History: 1982, Act 162, Eff. Jan. 1, 1983


State Codes and Statutes

State Codes and Statutes

Statutes > Michigan > Chapter-450 > Act-162-of-1982 > 162-1982-7 > Section-450-2736

NONPROFIT CORPORATION ACT (EXCERPT)
Act 162 of 1982

450.2736 Merger or consolidation of domestic corporations and domestic or foreign business corporations; procedure; compliance with applicable laws; plan of merger or consolidation; applicability of act to surviving or new corporation or business corporation governed by laws of other jurisdiction; liability of corporation or business corporation; service of process.

Sec. 736.

(1) Subject to section 301(5), one or more domestic corporations and 1 or more domestic business corporations and foreign business corporations may be merged or consolidated as provided in this act, if such merger or consolidation is not contrary to the law of the state of incorporation of any constituent foreign business corporation.

(2) With respect to procedure, including authorization by shareholders, members, or directors, each domestic corporation shall comply with the provisions of this act, each domestic business corporation shall comply with the provisions of Act No. 284 of the Public Acts of 1972, as amended, being sections 450.1101 to 450.2099 of the Michigan Compiled Laws, and each foreign business corporation shall comply with the applicable provisions of the law of the jurisdiction where it is organized.

(3) The plan of merger or consolidation shall set forth, in addition to all matters required by section 701(2), the manner and basis of converting shares, membership or other interests in each constituent corporation or business corporation into shares, membership, or other interests of the surviving or consolidated corporation or business corporation, or the case or other consideration to be paid or delivered in exchange for shares, membership, or other interests in each constituent corporation or business corporation, or a combination thereof.

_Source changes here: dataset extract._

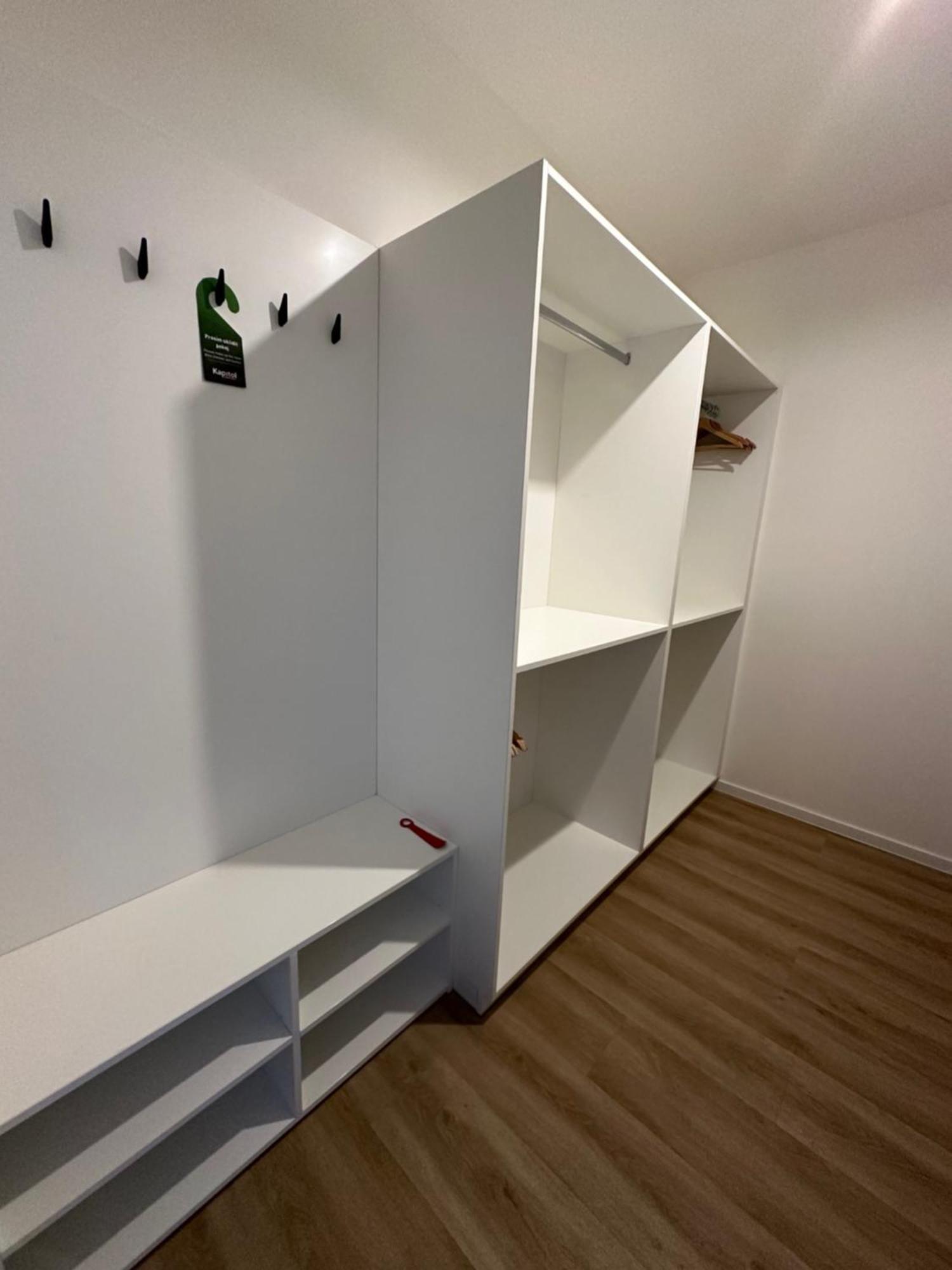 Hotel Kapitol 모스트 외부 사진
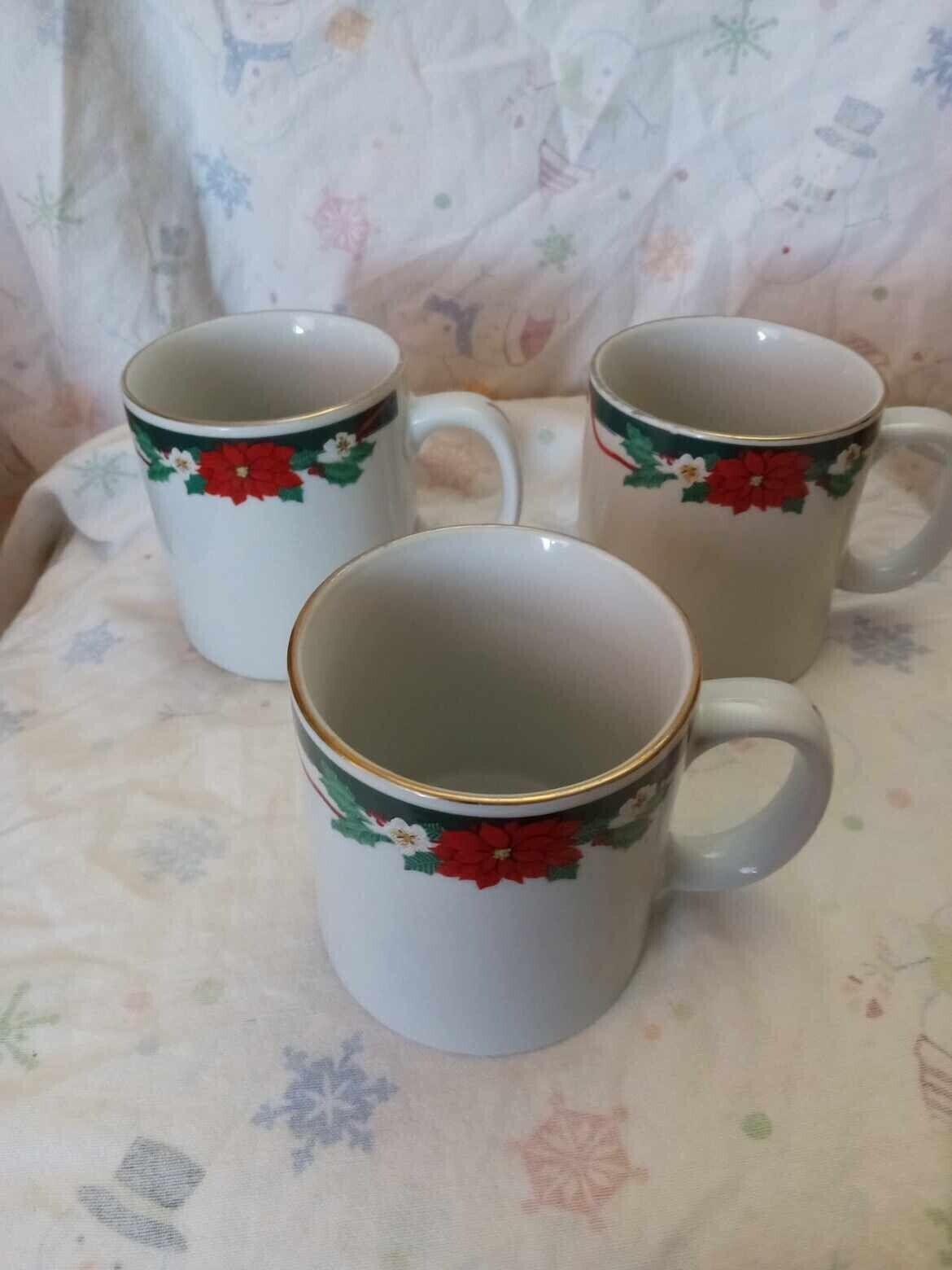Three Vintage Tienshan Christmas Holly Coffee Mugs  Nice Used Festive Holiday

(4) If the surviving or new corporation or business corporation is to be governed by the laws of a jurisdiction other than this state, it shall comply with the provisions of this act with respect to foreign corporations or foreign business corporations if it is to conduct affairs or to transact business in this state. The corporation or business corporation is liable and is subject to service of process in a proceeding in this state for the enforcement of an obligation of a domestic corporation or a domestic business corporation which is a party to the merger or consolidation.